Single by Nick Cave and the Bad Seeds

from the album No More Shall We Part
- B-side: "Loverman"
- Released: 26 August 2002
- Recorded: 2000
- Genre: Alternative rock
- Length: 4:08
- Label: Mute Records
- Songwriter: Nick Cave
- Producers: Nick Cave and the Bad Seeds and Tony Cohen

Nick Cave and the Bad Seeds singles chronology
| "Fifteen Feet of Pure White Snow" (2001) | "Love Letter" (2002) | "Bring It On" (2003) |

= Love Letter (Nick Cave and the Bad Seeds song) =

2002 single by Nick Cave and the Bad Seeds

"Love Letter" is a song by Nick Cave and the Bad Seeds from their 2001 album, No More Shall We Part. A ballad written by Cave, it features him on vocals and piano with backing vocals by Kate & Anna McGarrigle.

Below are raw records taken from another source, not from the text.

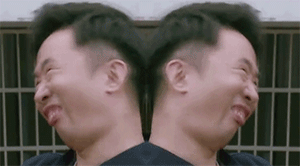 做鬼脸（做鬼脸）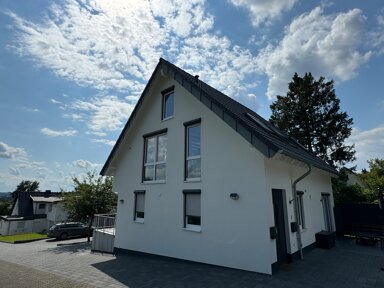 Einfamilienhaus zur Miete 1.950 € 5 Zimmer 152 m² 435 m² Grundstück Wahllokal 200 Siegburg 53721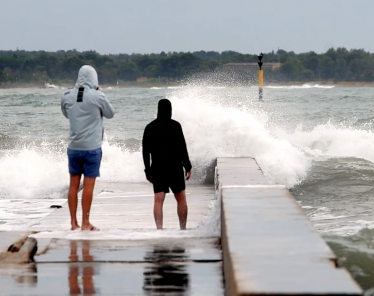 VIDEO Meteokaos širom Europe: Nevrijeme do Švedske, snijeg i u Sloveniji, niz pijavica na moru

"Love Letter" was first released as one of the songs on Nick Cave's 2000 spoken word album, The Secret Life of the Love Song.
Since its release by Nick Cave and the Bad Seeds on their 2001 album, No More Shall We Part, Uncut magazine has placed "Love Letter" at number 14 in its list of Nick Cave's greatest songs. The song was singled out for praise by author Jonathan Lethem, who says the "shattering simplicity" of its lyrics is "worthy of Shakespeare". In AllMusic's review of No More Shall We Part, "Love Letter" is described as a "tenderly daunting, haunted house". Author Robert Mighall described it as "a staggeringly beautiful song of forlorn love and a broken heart." Musician Victor Krummenacher described "Love Letter" as "extraordinary." Music blog Ransom Note included it in its list of top 6 Nick Cave love songs, also noting the success and simplicity of the lyrics and the "aching, hopeful string arrangement".